• _Brief_
Report every line in the listing that contains the string "Design".

(Source material)

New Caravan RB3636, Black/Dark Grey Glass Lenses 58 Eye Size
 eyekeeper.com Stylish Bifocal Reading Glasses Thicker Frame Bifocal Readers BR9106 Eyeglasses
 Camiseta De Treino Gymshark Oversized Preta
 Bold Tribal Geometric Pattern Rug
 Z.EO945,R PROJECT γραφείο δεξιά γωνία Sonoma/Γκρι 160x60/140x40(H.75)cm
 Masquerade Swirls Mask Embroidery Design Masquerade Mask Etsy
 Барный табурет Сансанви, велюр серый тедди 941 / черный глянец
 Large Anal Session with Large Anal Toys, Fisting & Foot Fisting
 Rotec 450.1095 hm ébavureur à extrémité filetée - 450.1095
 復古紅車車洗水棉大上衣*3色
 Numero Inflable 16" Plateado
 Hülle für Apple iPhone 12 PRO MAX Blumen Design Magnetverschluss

(End Source material)

• _Answer for the task_
 Masquerade Swirls Mask Embroidery Design Masquerade Mask Etsy
 Hülle für Apple iPhone 12 PRO MAX Blumen Design Magnetverschluss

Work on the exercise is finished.